Justice LIU delivered the judgment of the court, with opinion.
¶ 1 Defendant, Norman Weinzweig, appeals two contempt orders entered by the circuit court. In the first order, the court held defendant in indirect civil contempt for failing to comply with a Rule 215 order that required him to undergo a physical examination and blood test. After defendant filed a notice of appeal from the contempt order, the court entered a second order for indirect civil contempt and a judgment of default against him. On appeal, defendant seeks to vacate both contempt
¶ 3 On June 27, 2012, plaintiff filed suit against defendant, Weinzweig, and IJL Will Do, LLC d/b/a It's Just Lunch (IJL), a matchmaking service.

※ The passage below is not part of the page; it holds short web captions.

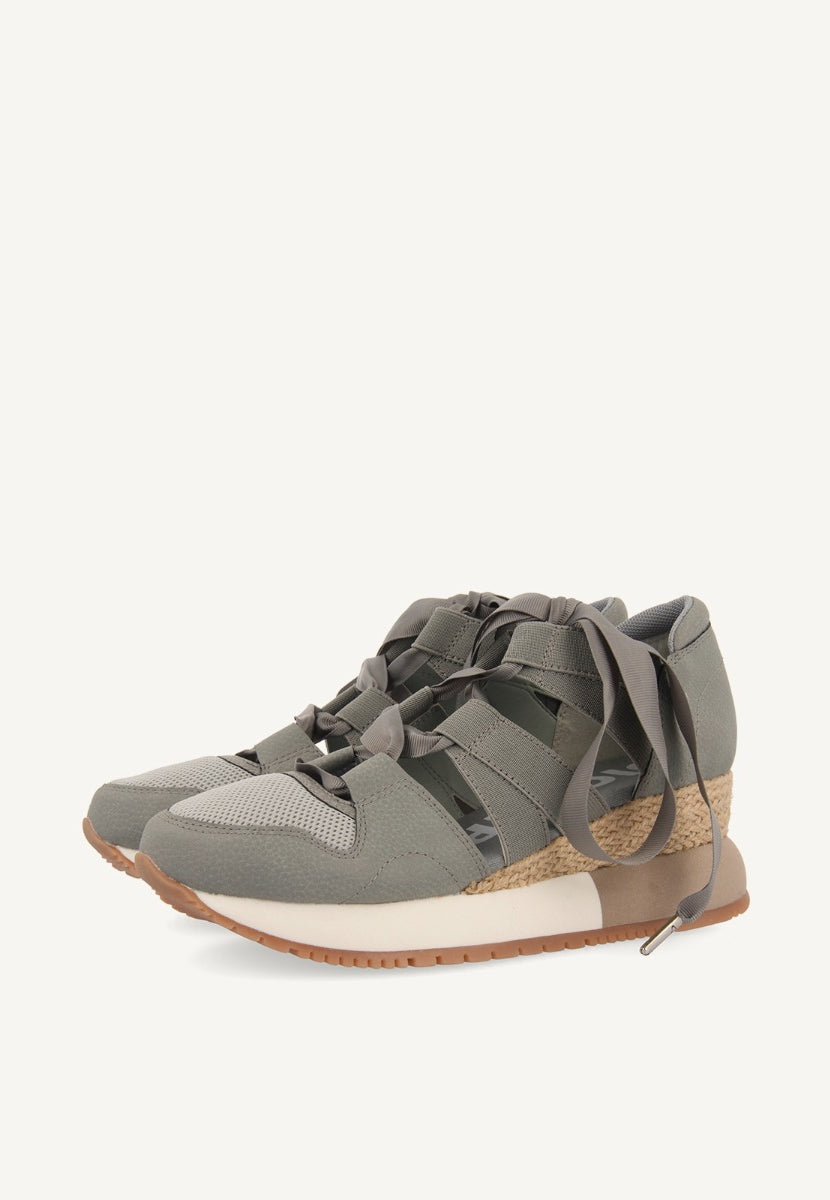 WOMEN'S ESPADRILLE JEANS SNEAKERS LIZARDA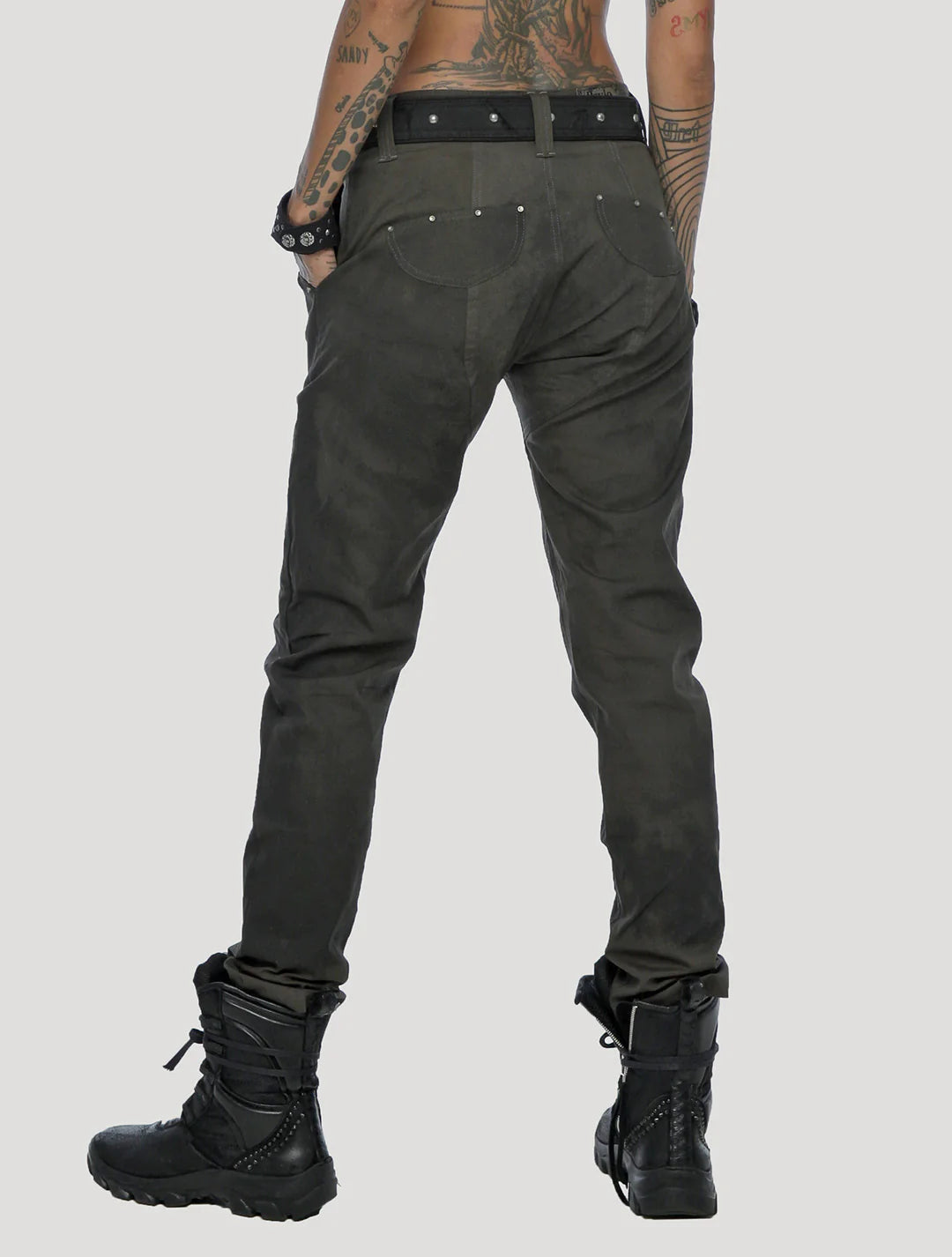 JIVA UNISEX Pants In Olive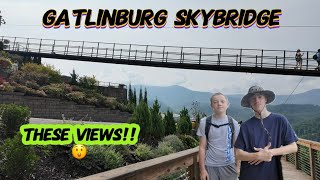 Gatlinburg SKYBRIDGE at the SKYPARK smokymountains [upl. by Gainor]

¶ 4 Defendant moved to dismiss the complaint pursuant to section 2-619 of the Code of Civil Procedure (Code) (735 ILCS 5/2-619 (West 2012)). Defendant attached a copy of certain medical records containing a lab report and a signed declaration to his motion. The medical report that defendant presented with his motion contained the lab test results for several sexually transmitted diseases, one of which was Herpes II. In his declaration, defendant attested that in October 2010, he had undergone "a battery of tests including testing for the Herpes II virus" and that he "received a negative test result for Herpes II." He stated that he "was not experiencing any signs or symptoms" of Herpes II when he was tested. Defendant explained that the lab report result for Herpes II indicated "Low: < 80 index," which meant that he tested negative for the virus. Defendant stated that based on the negative test result, the absence of any signs or symptoms of Herpes II, and his medical knowledge and training as a board certified physician, he believed that he "was not infected with the Herpes II virus" on or about July 3, 2011.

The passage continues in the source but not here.